(Beginning of Data supplied)
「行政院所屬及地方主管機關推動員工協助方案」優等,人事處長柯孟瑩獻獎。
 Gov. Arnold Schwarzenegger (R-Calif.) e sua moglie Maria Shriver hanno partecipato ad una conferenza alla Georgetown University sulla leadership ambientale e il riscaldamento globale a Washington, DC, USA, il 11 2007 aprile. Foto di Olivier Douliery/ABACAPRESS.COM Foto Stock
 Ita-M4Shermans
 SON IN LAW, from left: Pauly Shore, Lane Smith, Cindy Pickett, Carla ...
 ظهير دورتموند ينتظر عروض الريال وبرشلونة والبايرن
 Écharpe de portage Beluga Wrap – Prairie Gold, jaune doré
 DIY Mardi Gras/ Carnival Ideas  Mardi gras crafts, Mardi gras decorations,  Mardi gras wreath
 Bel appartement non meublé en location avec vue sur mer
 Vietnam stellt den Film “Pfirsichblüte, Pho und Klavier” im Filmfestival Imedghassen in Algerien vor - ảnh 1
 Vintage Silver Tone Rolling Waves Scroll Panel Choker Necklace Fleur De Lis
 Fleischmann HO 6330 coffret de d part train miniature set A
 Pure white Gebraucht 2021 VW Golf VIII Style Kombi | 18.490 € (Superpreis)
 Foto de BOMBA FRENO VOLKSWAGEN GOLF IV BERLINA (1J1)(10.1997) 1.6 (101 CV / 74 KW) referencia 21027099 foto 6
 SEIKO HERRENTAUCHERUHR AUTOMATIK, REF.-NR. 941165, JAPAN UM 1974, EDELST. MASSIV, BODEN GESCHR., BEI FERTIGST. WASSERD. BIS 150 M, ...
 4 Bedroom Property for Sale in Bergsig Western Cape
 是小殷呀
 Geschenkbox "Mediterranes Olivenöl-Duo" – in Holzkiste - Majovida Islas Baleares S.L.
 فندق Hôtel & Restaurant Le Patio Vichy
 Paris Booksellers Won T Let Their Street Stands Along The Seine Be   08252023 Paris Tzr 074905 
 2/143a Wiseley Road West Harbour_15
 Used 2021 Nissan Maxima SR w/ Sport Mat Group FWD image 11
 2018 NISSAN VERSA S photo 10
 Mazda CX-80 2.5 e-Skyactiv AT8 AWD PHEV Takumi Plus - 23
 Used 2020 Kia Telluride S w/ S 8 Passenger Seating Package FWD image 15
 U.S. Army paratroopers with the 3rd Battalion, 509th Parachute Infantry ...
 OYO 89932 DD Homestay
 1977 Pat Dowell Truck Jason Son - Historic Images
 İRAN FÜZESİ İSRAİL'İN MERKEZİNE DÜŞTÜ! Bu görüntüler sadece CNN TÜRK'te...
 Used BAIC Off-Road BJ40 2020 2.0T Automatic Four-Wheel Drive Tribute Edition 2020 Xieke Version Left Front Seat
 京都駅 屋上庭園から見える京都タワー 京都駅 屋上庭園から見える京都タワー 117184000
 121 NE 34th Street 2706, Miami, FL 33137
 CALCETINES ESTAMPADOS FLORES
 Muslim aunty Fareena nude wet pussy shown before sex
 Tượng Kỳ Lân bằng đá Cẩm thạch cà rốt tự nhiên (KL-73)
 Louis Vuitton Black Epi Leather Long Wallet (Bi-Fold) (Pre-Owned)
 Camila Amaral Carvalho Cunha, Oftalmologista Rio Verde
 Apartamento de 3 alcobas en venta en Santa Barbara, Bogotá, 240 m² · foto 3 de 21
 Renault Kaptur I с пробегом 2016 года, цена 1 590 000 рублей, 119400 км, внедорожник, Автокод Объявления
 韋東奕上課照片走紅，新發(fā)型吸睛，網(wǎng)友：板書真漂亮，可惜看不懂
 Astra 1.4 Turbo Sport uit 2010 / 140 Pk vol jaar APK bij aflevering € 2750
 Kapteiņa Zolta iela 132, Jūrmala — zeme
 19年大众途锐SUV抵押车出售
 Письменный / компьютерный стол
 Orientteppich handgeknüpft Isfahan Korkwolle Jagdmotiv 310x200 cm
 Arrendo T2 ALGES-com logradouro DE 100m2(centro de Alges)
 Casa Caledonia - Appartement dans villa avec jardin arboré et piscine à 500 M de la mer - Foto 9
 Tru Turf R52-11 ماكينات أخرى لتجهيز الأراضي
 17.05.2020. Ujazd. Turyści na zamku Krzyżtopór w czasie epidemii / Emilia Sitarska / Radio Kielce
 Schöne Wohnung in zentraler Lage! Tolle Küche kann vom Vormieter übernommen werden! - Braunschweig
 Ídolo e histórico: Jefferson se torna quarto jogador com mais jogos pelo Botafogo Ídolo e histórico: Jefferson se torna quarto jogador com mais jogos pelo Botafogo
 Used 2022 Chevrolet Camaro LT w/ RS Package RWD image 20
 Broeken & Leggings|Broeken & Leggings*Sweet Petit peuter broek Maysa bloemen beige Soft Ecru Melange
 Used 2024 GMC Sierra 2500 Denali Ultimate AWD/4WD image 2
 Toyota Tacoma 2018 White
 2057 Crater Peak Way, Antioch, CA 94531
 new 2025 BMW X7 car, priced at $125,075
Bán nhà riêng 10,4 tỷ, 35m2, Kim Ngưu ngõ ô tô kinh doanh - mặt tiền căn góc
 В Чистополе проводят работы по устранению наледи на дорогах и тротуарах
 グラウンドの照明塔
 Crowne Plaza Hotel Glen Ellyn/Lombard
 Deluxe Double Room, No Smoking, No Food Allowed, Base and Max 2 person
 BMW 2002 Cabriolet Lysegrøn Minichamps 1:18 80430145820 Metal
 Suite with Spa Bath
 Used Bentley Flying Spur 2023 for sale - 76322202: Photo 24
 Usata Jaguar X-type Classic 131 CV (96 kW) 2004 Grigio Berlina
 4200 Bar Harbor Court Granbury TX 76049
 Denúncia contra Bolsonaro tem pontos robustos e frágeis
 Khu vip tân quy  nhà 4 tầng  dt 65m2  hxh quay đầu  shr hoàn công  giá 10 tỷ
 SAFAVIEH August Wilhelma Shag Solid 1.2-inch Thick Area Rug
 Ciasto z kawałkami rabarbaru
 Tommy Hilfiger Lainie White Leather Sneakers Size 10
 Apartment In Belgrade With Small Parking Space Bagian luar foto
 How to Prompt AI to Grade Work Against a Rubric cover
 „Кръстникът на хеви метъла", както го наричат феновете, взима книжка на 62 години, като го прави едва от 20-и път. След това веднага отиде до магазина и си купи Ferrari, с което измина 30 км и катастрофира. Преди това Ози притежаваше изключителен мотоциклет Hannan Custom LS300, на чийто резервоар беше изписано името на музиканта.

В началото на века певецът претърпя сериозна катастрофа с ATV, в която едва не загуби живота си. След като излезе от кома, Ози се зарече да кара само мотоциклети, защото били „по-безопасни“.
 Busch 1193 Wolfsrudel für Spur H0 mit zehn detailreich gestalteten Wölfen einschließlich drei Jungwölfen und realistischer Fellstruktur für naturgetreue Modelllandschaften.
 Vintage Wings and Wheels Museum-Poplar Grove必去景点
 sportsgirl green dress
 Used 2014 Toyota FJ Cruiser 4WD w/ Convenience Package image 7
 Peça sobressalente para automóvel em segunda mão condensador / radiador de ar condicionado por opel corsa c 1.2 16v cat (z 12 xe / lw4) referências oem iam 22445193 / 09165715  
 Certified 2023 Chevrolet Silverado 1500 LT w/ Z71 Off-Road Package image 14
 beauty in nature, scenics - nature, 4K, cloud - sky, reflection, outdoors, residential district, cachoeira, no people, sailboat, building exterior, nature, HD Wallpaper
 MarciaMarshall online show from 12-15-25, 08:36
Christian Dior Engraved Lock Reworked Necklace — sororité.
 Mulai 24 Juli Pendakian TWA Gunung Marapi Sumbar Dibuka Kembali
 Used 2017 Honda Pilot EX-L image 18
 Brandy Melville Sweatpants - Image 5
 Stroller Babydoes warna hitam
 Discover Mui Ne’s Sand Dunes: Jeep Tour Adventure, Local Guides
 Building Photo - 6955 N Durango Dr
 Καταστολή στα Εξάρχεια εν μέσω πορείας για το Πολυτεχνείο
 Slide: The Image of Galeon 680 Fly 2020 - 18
(End of Data supplied)
# Assignment
The response must hold only the lines above from the line with "Pure white Gebraucht" through the line with "17.05.2020. Ujazd. Turyści", each copied exactly, both ends kept.

# Solution to this task
 Pure white Gebraucht 2021 VW Golf VIII Style Kombi | 18.490 € (Superpreis)
 Foto de BOMBA FRENO VOLKSWAGEN GOLF IV BERLINA (1J1)(10.1997) 1.6 (101 CV / 74 KW) referencia 21027099 foto 6
 SEIKO HERRENTAUCHERUHR AUTOMATIK, REF.-NR. 941165, JAPAN UM 1974, EDELST. MASSIV, BODEN GESCHR., BEI FERTIGST. WASSERD. BIS 150 M, ...
 4 Bedroom Property for Sale in Bergsig Western Cape
 是小殷呀
 Geschenkbox "Mediterranes Olivenöl-Duo" – in Holzkiste - Majovida Islas Baleares S.L.
 فندق Hôtel & Restaurant Le Patio Vichy
 Paris Booksellers Won T Let Their Street Stands Along The Seine Be   08252023 Paris Tzr 074905 
 2/143a Wiseley Road West Harbour_15
 Used 2021 Nissan Maxima SR w/ Sport Mat Group FWD image 11
 2018 NISSAN VERSA S photo 10
 Mazda CX-80 2.5 e-Skyactiv AT8 AWD PHEV Takumi Plus - 23
 Used 2020 Kia Telluride S w/ S 8 Passenger Seating Package FWD image 15
 U.S. Army paratroopers with the 3rd Battalion, 509th Parachute Infantry ...
 OYO 89932 DD Homestay
 1977 Pat Dowell Truck Jason Son - Historic Images
 İRAN FÜZESİ İSRAİL'İN MERKEZİNE DÜŞTÜ! Bu görüntüler sadece CNN TÜRK'te...
 Used BAIC Off-Road BJ40 2020 2.0T Automatic Four-Wheel Drive Tribute Edition 2020 Xieke Version Left Front Seat
 京都駅 屋上庭園から見える京都タワー 京都駅 屋上庭園から見える京都タワー 117184000
 121 NE 34th Street 2706, Miami, FL 33137
 CALCETINES ESTAMPADOS FLORES
 Muslim aunty Fareena nude wet pussy shown before sex
 Tượng Kỳ Lân bằng đá Cẩm thạch cà rốt tự nhiên (KL-73)
 Louis Vuitton Black Epi Leather Long Wallet (Bi-Fold) (Pre-Owned)
 Camila Amaral Carvalho Cunha, Oftalmologista Rio Verde
 Apartamento de 3 alcobas en venta en Santa Barbara, Bogotá, 240 m² · foto 3 de 21
 Renault Kaptur I с пробегом 2016 года, цена 1 590 000 рублей, 119400 км, внедорожник, Автокод Объявления
 韋東奕上課照片走紅，新發(fā)型吸睛，網(wǎng)友：板書真漂亮，可惜看不懂
 Astra 1.4 Turbo Sport uit 2010 / 140 Pk vol jaar APK bij aflevering € 2750
 Kapteiņa Zolta iela 132, Jūrmala — zeme
 19年大众途锐SUV抵押车出售
 Письменный / компьютерный стол
 Orientteppich handgeknüpft Isfahan Korkwolle Jagdmotiv 310x200 cm
 Arrendo T2 ALGES-com logradouro DE 100m2(centro de Alges)
 Casa Caledonia - Appartement dans villa avec jardin arboré et piscine à 500 M de la mer - Foto 9
 Tru Turf R52-11 ماكينات أخرى لتجهيز الأراضي
 17.05.2020. Ujazd. Turyści na zamku Krzyżtopór w czasie epidemii / Emilia Sitarska / Radio Kielce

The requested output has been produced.